Will Sox make any changes to right ship?

Will Sox make any changes to right ship?
May 19, 2014, 1:45 pm
Share This Post

BOSTON - Even as the losses pile up, the Red Sox continue to preach patience. John Farrell has vowed that there will not be wholesale changes and just last week, referring to the struggling troika of young players that constitute the lower third of the team's batting order, declared: "These are our guys.''
But then came a sweep at the hands of the Detroit Tigers, a set which featured exactly one hit with runners in scoring position and a grand total of three runs scored.
On the one hand, it is relatively early. Memorial Day, when teams traditionally assess what they have and where they are, remains a week off.
And there's this: despite the Red Sox' eminent mediocrity, they've yet to play themselves out of contention in a division where every single team managed to lose on Sunday (the Yankees sprinkled in a win by splitting a doubleheader).
Clearly, however, the arrow is pointing in the wrong direction as the Sox sit on their longest losing steak since the Bobby Valentine Error.
As they sift through the options Monday, a scheduled off-day, here are three changes they could consider.
1) Sit tight
The team's front office knows that, beyond the well-documented issues with Jackie Bradley Jr. and Xander Bogaerts, there are others not playing up past performance: Dustin Pedroia, A.J. Pierzynski, Shane Victorino, Grady Sizemore and others are all, to varying degrees, underachieving.
Over time, these dips tend to self-correct. And should most of those veterans begin to play as they have in the recent past, the Sox would surely be in a better position, needing only to worry about the maturation of the rookies.     

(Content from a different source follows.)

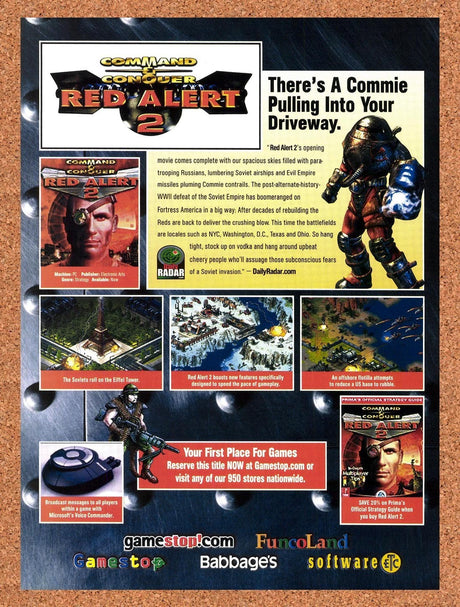 2000 Red Alert 2 FuncoLand PC Original Advertisement / Retro Promo v2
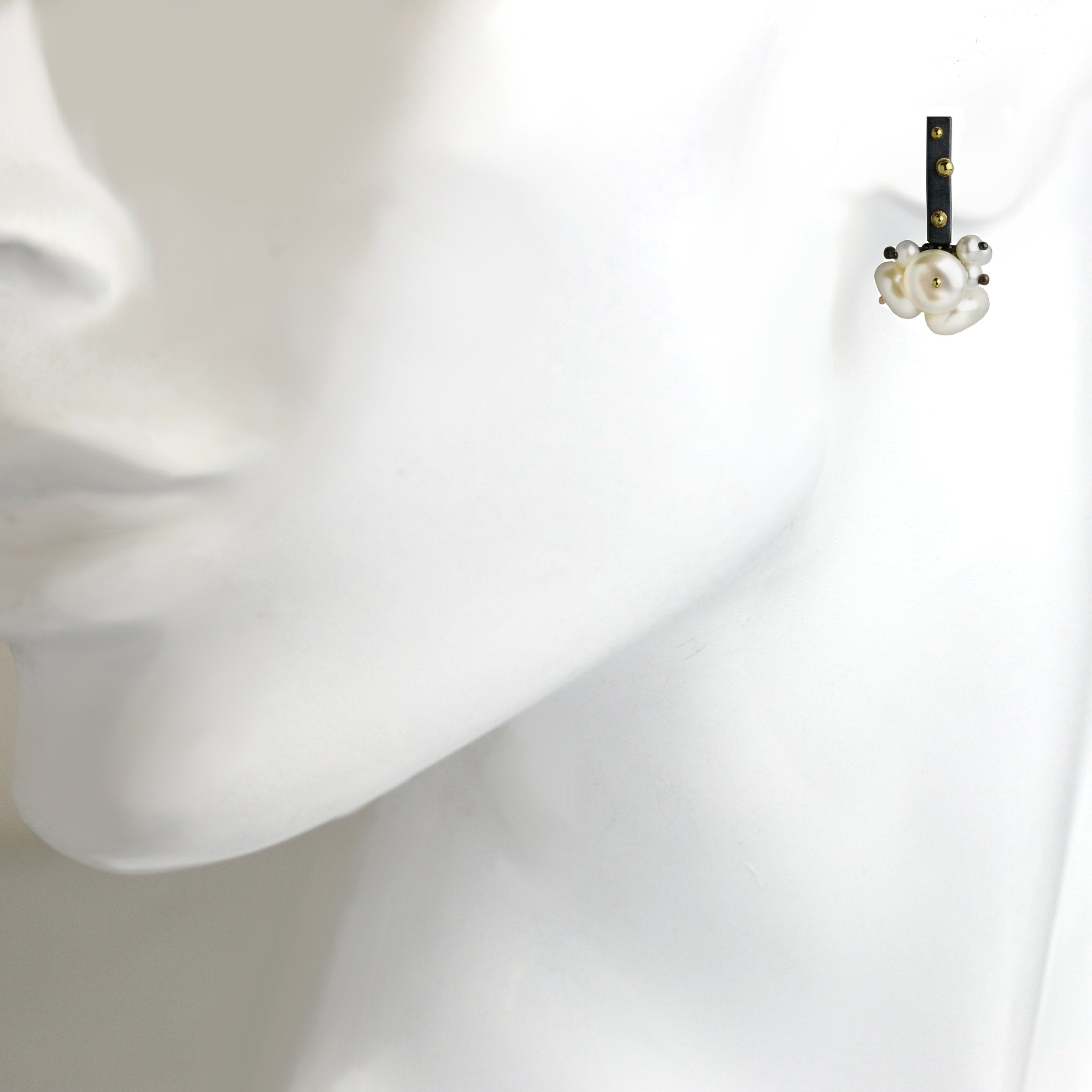 Petite Pearl Gold-Dotted Stick Earrings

It may be easier for management and ownership to show patience, months after a World Series, as the team currently has a reservoir of goodwill left over from last October.
Then again, it's never easy to preach patience in a market as demanding as Boston.
2) Make some moves internally
Frankly, the options here are limited. Sure, the Sox could dip into their system and make some changes. But there, the choices are either to lean on journeyman players who dot Triple A rosters, waiting for the chance to fill in because of injuries, or to promote other young players before they're fully ready for the challenges of the big leagues.
If Will Middlebrooks, who has more than 650 big league plate appearances and 34 homers, struggled in Boston, what are the odds that Garin Cecchini -- who has less than two months experience above Double A -- could come to Boston and make an impact?
The same goes for catcher Christian Vasquez or Deven Marrero or Mookie Betts. None is ready yet.
3) Make some deals
This is the most logical option and yet, there are drawbacks here, too.
It's difficult to make a big deal before the annual first-year player draft, which doesn't take place for another two weeks. Front offices everywhere are focused on preparing for the draft, and general managers are often on the road, cross-checking prospects identified by the scouts.
Moreover, the expanded playoff format has had the effect of deluding teams into thinking they have a chance at reaching the post-season. Thus, teams are reluctant to break up their everyday lineup in mid-May, effectively throwing in the towel on the rest of the regular season.
Further, what could the Sox hope to land in a trade? And where would they start?
And there's this: if the Sox traded for a starting center fielder, likely one whose contract extends past this year, what does that mean for Bradley? Are they willing to give up on him bases on a little more than a month as the regular center fielder?
Finally, there's the eternal Stephen Drew question.
Yes, the Sox could stabilize short and move Bogaerts to third for the time being, thus getting a more dependable, experienced glove in the middle of the infield and helping out with the team's brutal numbers against righthanded pitching.
But Drew, if he were to be signed today, would need nearly a month to get ready to help out at the major league level. And even if the Sox were to go in this direction, what evidence is there that Drew and agent Scott Boras would be willing to come back?
Drew is two weeks away from being freed from draft pick compensation, which disappears once the draft takes place. Wouldn't Boras be more likely to wait and see what teams step forward when the shackle of a draft pick comes off?
As tempting as it might seem at first, Drew isn't the answer.
The cold hard truth is, there are no easy ones for the Sox, who, difficult as it might be for the fan base, might take Option No. 1 -- and hope things turn around sooner rather than later.